Gruppen nach Absprache auch außerhalb der Öffnungszeiten

 

In Rendsburg ist ein vollständiges jüdisches Gemeindezentrum erhalten geblieben aus der Zeit vor der rechtlichen Gleichstellung der Juden: Synagoge (erbaut 1844/45), Mikwe im Keller des Vorderhauses und Talmud-Tora-Schule (erbaut 1830er Jahre; Talmud-Tora-Schule war eine Grundschule mit erweitertem Religionsunterricht einschließlich Hebräisch.)  

Bei den Restaurierungsarbeiten 1983 wurde der Grundstein gefunden. Nach jüdischer Zählung das Jahr 5604 = 1844. Er enthielt eine Kassette mit Münzen aus der Zeit Christian VIII. und das zerbröselte Grundsteindokument - die zweite Ausfertigung des Dokuments befindet sich im Leo-Baeck-Institut, New York. Einweihung der Synagoge am 12. November 1845 durch den Altonaer Oberrabbiner Ettlinger.

In der Pogromnacht vom November 1938 verübten zwei Rendsburger SS-Männer einen Sprengstoffanschlag auf die Synagoge und zerstörten das Zentrum, den Thoraschrein. Es folgte die "Arisierung": Eine Fischräucherei wurde im Gotteshaus der durch die erzwungene Abwanderung stark dezimierten Gemeinde eingerichtet und bis 1981 betrieben.

Anfang der 70er Jahre entdeckten der Kieler Ur- und Frühgeschichtler Ole Harck, längere Zeit fast alleiniger Erforscher der jüdischen Regionalgeschichte, und der Rendsburger Landtagsabgeordnete Günter Neugebauer das Synagogengebäude wieder und setzten sich mit Unterstützung auf Stadt-, Kreis- und Landesebene erfolgreich für die Wiederherstellung des Gebäudes ein.

Der schöne spätklassizistische Saal wird so seitdem für Wechselausstellungen zur zeitgenössischen Kunst und zur jüdischen Geschichte und Kultur genutzt. Er bietet auch für Konzerte und Lesungen ein beeindruckendes Ambiente. Im Keller des Vorderhauses werden in den Räumen der ehemaligen Mikwe die zehn Gemeinden dokumentiert, die es einmal in Schleswig-Holstein gab. 1988 konnte die frühere Schule, die schon lange nur noch Wohnungen beherbergte, als Jüdisches Museum Rendsburg mit einer Sammlung des Schleswig-Holsteinischen Landesmuseums nach dem Konzept des Landesmuseumsdirektors Heinz Spielmann eingerichtet werden. Diese Sammlung zeigt Werke von als Juden verfolgten deutschen Künstlern und Werke von Nichtjuden mit jüdischer Thematik.

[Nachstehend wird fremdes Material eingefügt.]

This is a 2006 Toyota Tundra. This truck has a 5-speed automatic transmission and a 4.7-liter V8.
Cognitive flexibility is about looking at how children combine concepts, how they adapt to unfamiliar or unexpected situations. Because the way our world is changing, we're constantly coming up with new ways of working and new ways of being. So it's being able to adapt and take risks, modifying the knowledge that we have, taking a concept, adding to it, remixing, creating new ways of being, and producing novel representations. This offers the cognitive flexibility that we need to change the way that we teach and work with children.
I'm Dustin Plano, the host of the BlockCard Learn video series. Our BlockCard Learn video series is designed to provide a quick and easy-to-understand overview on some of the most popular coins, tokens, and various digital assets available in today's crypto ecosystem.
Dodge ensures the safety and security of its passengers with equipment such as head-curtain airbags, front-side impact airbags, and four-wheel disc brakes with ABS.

Höhepunkt des Jahres sind die seit 1989 auf Anregung des Kultusministeriums veranstalteten Novembertage, die dem Gedenken an den Pogrom von 1938 gewidmet sind. Die Sonderausstellungen und Veranstaltungen zu verschiedenen Aspekten des Judentums, auch die Begegnung mit jüdischen Künstlern oder Zeitzeugen, haben der Veranstaltungsreihe überregionale Anerkennung verschafft.

Weitere Einrichtungen im Jüdischen Museum Rendsburg und Dr.-Bamberger-Haus

Die Bibliothek: Die etwa 10.000 Bände umfassende Präsenzbibliothek zur jüdischen Geschichte und Kultur ist für Jedermann zugänglich (Telefonische Anmeldung).

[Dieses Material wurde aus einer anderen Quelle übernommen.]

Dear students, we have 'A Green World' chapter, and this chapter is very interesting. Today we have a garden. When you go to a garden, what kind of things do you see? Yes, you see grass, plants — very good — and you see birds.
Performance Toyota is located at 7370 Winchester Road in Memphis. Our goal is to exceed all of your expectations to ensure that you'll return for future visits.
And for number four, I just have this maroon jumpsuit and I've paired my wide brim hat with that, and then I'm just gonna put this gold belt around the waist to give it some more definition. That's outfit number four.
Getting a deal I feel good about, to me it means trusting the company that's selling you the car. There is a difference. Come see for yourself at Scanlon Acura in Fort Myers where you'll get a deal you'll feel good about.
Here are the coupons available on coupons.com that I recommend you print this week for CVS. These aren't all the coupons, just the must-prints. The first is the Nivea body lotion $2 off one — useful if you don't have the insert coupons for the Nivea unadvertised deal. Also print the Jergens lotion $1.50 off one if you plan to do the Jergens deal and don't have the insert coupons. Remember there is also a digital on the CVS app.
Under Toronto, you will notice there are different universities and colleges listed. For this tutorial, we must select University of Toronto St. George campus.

Die Artothek: Der Rendsburger Kulturkreis unterhält im Haus eine Artothek mit ca. 500 Blättern, die gegen eine geringe Gebühr entliehen werden können.

Das Gästeatelier: Seit 1985 können bildende Künstler und Literaten als Stipendiaten des Landes Schleswig-Holstein für einige Monate hier an einem jüdischen Thema arbeiten.